A fusion torch is a technique for utilizing the high-temperature plasma of a fusion reactor to break apart other materials (especially waste materials) and convert them into a few reusable and saleable elements. It was invented in 1968 by Bernard J. Eastlund and William C. Gough while they were program managers of the controlled thermonuclear research program of the United States Atomic Energy Commission (AEC). The basic concept was to impinge the plasma leaking from fusion reactors onto solids or liquids, vaporizing, dissociating and ionizing the materials, then separating the resulting elements into separate bins for collection.
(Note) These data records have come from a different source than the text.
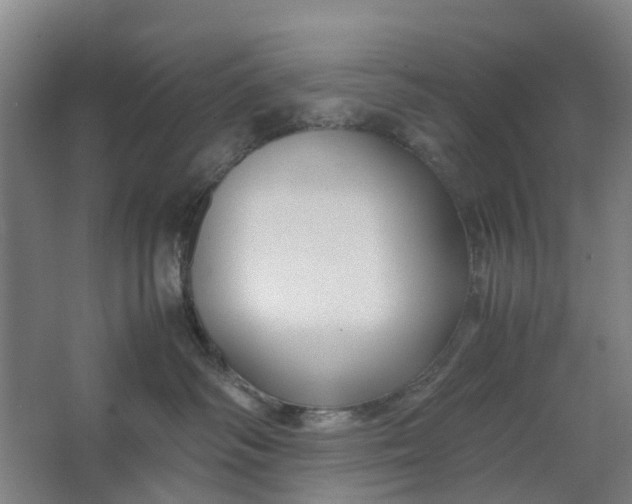 X0000062880334200601271628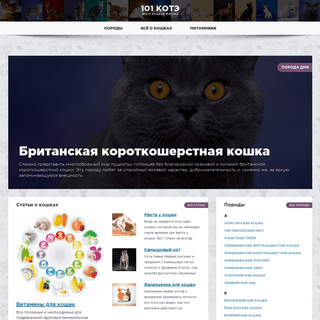 Всё о котах, кошках и котятах породистых и диких кошек на 101Котэ.ру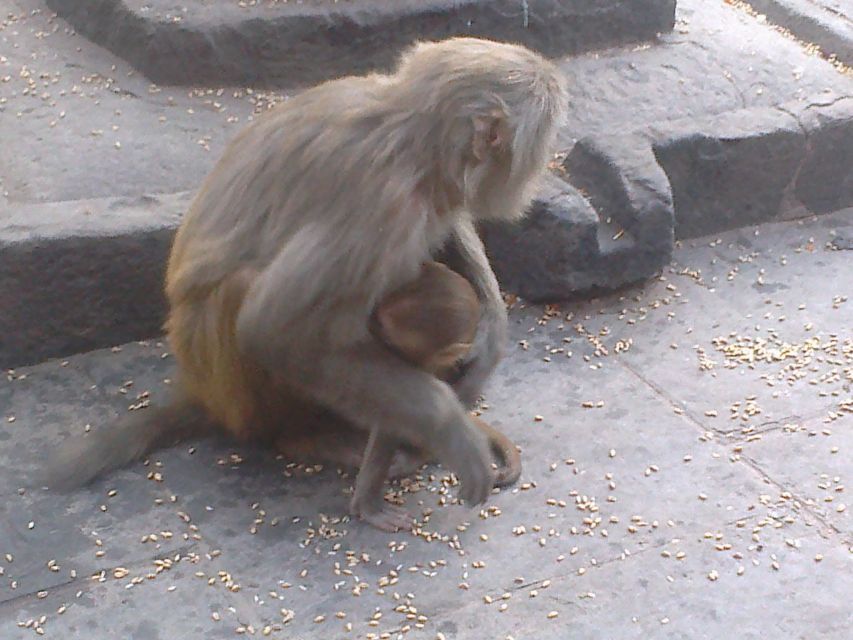 Kathmandu: Monkey Temple and Chandragiri Cable Car Ride Tour - Is $47 a good value?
Other applications of fusion plasmas such as generation of UV and optical light, and generation of hydrogen fuel, were also described in their associated 1969 paper.

How it works

The process began with a tokamak, a doughnut-shaped magnetic "bottle", containing plasma and unwanted material. This combination would result in a pool of electrons and nuclei which in turn would cause the tokamak to overflow and transfer the plasma into an outlet. This plasma then passes through a series of metal plates, differing in particular temperatures, all arranged in descending order. The atoms of elements pass over the plates with boiling points above their own. Eventually, the atoms encounter plates where the temperature is lower than their boiling point. This makes them stick onto the plate. The plates then work as a distillation system which sorts the plasma into its constituent elements. These pure elements can then be reused.

1969 paper

In the paper "The Fusion Torch – Closing the Cycle from Use to Reuse", Bernard J. Eastlund and William C. Gough defined population (food), entropy (resources, energy, pollution), and war (human needs and behavior) as three traps that could hamper the advancement of mankind.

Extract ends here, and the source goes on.